As you can see, it's approximately symmetric, mound-shaped. So the idea that this could have come from a normal distribution is a reasonable assumption for you to be making.
So the three conditions have been checked and verified.
Renee wants to know the average weight of women at her health club. She stands at the door and asks the first 20 women who enter if they'll step on the scale. Here are the weights of the women who said yes:
Are the conditions for inference met here?
The data were not collected randomly. Renee stood at the door and asks the first 20 women who enter if they'll step on the scale. Maybe not all 20 actually did. Maybe the first 20 women who said yes are here. Ultimately, the sample was a convenience sample, not a random sample, and it probably suffers from voluntary response bias. The women who maybe are heavier might be more self-conscious about stepping on the scale to give Renee their weight. So maybe the sample will have bias that underestimates the average weight of women in the health club.
You can't do a test of significance. You can't do a confidence interval. There's no rescuing poorly collected data. So you don't need to check the remaining conditions, because inference will not be appropriate for the data, even if the other two conditions were met.
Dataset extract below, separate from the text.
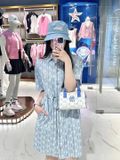  Mũ Bucket MLB Unisex Cursive Lettering Denim Bucket Hat New York Yankees 3AHTVD14N-50BLL - Xanh Nhạt 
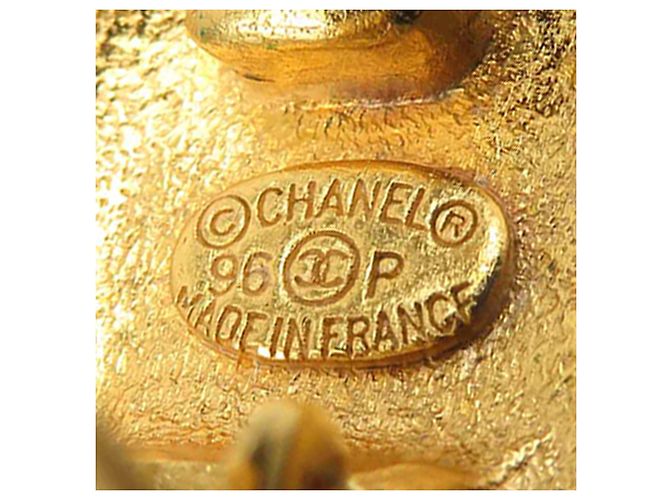 Chanel Gold CC vergoldete gesteppte runde Clip-On-Ohrringe Golden - Ansicht 4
The conditions for running a hypothesis test -- a z-test or a t-test-- are as follows:
The randomness condition. How were the data collected? It should be some kind of random way. If it's not, you actually can't proceed.
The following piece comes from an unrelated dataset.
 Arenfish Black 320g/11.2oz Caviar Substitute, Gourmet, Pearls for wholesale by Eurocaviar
Independence. Is the population large in comparison to your sample, at least 10 times your sample size?
And normality. Remember, there are three ways to do this. You should reference the central limit theorem if there are at least 30 observations in your sample. Or, there are two ways to verify that the parent distribution is normal. Either it will say in the problem, if you get lucky, or you have to actually graph the data and look for a mound-shaped, approximately symmetric, single-peaked distribution of data with no outliers.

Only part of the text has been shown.